In an illustrated embodiment, a specific size design of the peak-valley height difference c of the patterned structure 113 is set to be less than or equal to 1.5 micrometers (μm); more specially, the specific size design of the peak-valley height difference c of the patterned structure 113 is set to be at a sub-micron level or even at a nanoscale, and the sub-micron level described herein refers to the peak-valley height difference c of the patterned structure 113 (i.e., the height difference in the Z direction illustrated in FIG. 1, or referring as to a drop in surface roughening) that satisfies the condition of 0.1 μm≤c<1 μm; and the nanoscale refers to that the peak-valley height difference c of the patterned structure 113 satisfies the condition of c<0.1 μm (i.e., less than 100 nanometers abbreviated as nm). In an illustrated embodiment of the disclosure, a<100 μm (even less than 10 μm), b<20 μm (more specifically b≤10 μm), and c≤1.5 μm; therefore, the thickness of the epitaxial structure 110 is less than 10 μm (specifically in a range of 2 μm to 6 μm, e.g., a range of 3 μm to 5 μm), but the embodiment 1 of the disclosure is not limited thereto.

In addition, each microstructure in the patterned structure 113 can be a stripe, a dome, a columnar shape, etc., which is not specifically limited herein. As long as that the microstructure can break total reflection to improve the light extraction efficiency (also referred to as extraction efficiency) of the micro-LED chip 100, the patterned structure 113 can be manufactured in any size.

In addition, in order to more clearly understand the micro-LED chip 100 of the embodiment 1, an illustrative manufacturing method of the micro-LED chip 100 of the embodiment 1 is briefly described below by taking the blue micro-LED chip as an example, and the manufacturing method specifically includes the following steps.

First, as shown in FIG. 2A, a patterned sapphire substrate 200 is used as a growth substrate, and the patterned sapphire substrate 200 described herein refers to a sapphire substrate formed with a patterned structure 202 formed on a surface thereof.

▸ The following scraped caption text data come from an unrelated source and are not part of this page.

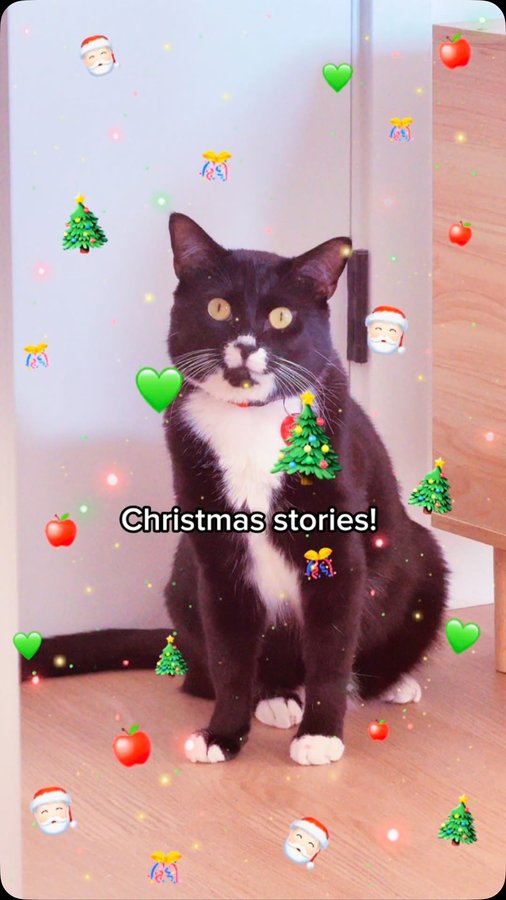 Instagram post by @scrimpusthecat for MICHUPET. Caption reads: [...] supurr fun Cat Treat Dispenser from....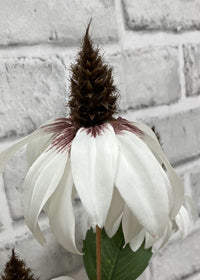 ITEM 01017 W - 36" WHITE CONE FLOWER STEM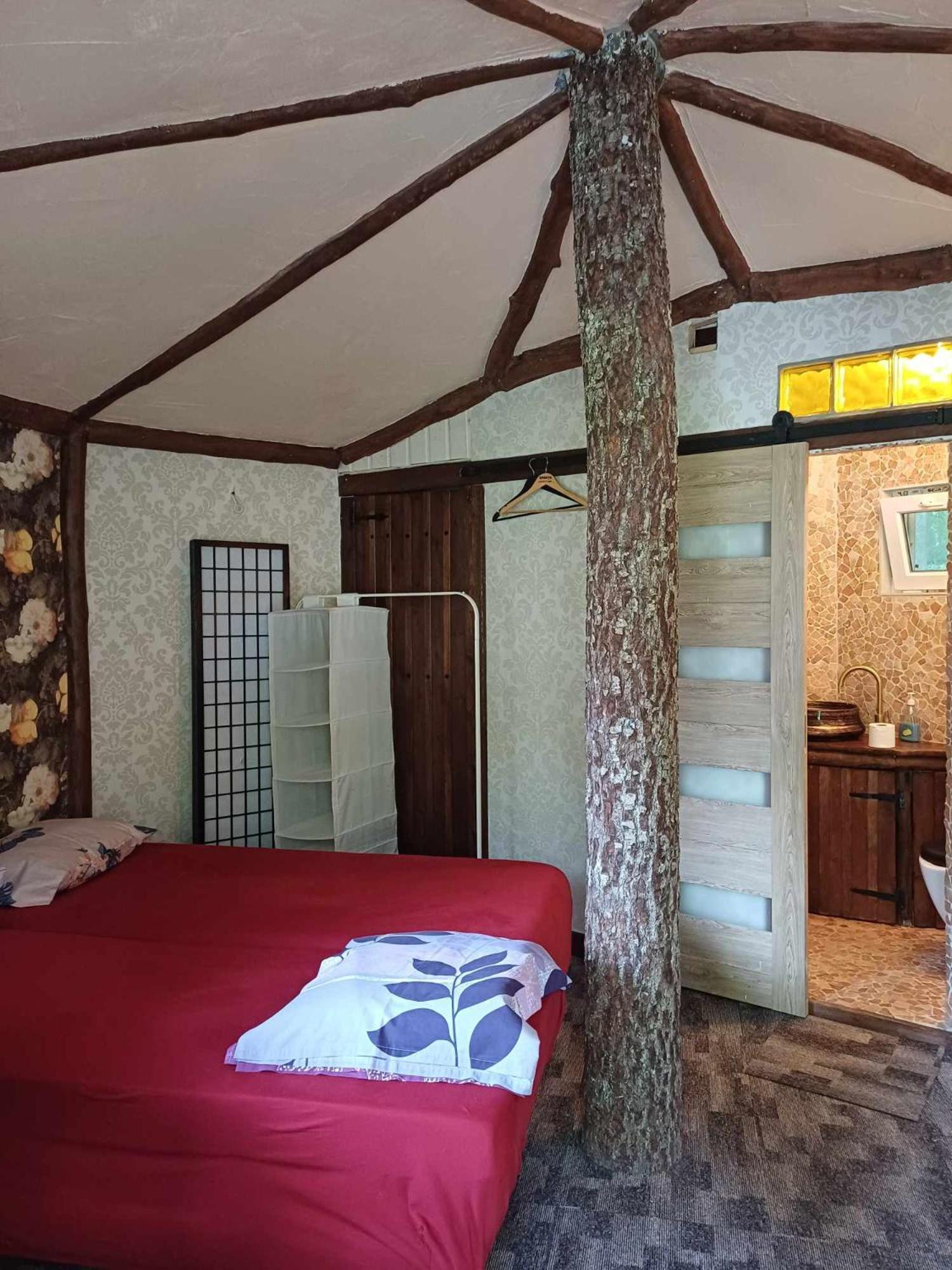 One-Bedroom House photo 3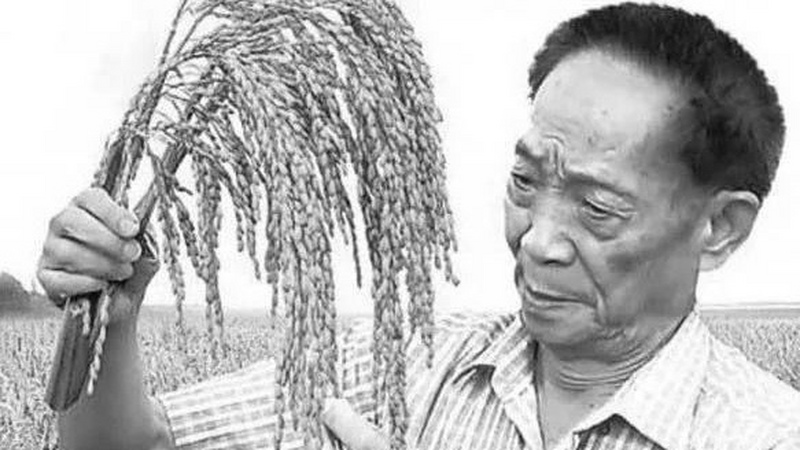 袁隆平小传：亩产1000公斤不吹牛，功比天高的杂交水稻之父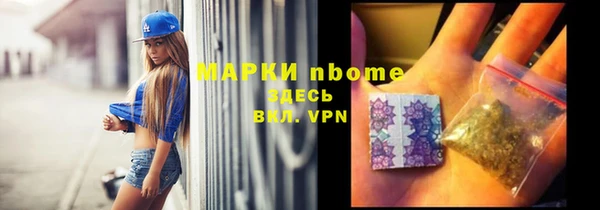 МДПВ Бородино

Next, as shown in FIG. 2B, a buffer layer 1121, an N-type semiconductor layer 1120, an active layer 1140 (e.g., an MQW layer), and a P-type semiconductor layer 1160 are epitaxially grown on the surface of the patterned sapphire substrate 200 formed with the patterned structure 202.

Then, the micro-LED chip 100 is manufactured by chip on wafer (COW). Specially, a mesa structure is manufactured on the blue micro-LED chip by using a dry etching method with inductive coupled plasma (ICP), and then an isolation structure is manufactured on the blue micro-LED chip, and more particularly, the P-type semiconductor layer 1160 and the active layer 1140 are etched by the ICP method until the N-type semiconductor layer 1120 is removed partially to form the mesa structure, thereby partially exposing the N-type semiconductor layer 1120; then the patterned sapphire substrate 200 is further etched by the ICP method to form the isolation structure, which can define multiple micro-LED chips. It is also possible to manufacture the isolation structure first, and then to manufacture the mesa structure. After forming the mesa structure and the isolation structure, an N electrode 118a and a P electrode 118b electrically connected to, i.e., ohmic contacts, the N-type semiconductor layer 1120 (corresponding to the first doped type semiconductor layer 112) and the P-type semiconductor layer 1160 (corresponding to the second doped type semiconductor layer 116), respectively, are formed, as shown in FIG. 2C.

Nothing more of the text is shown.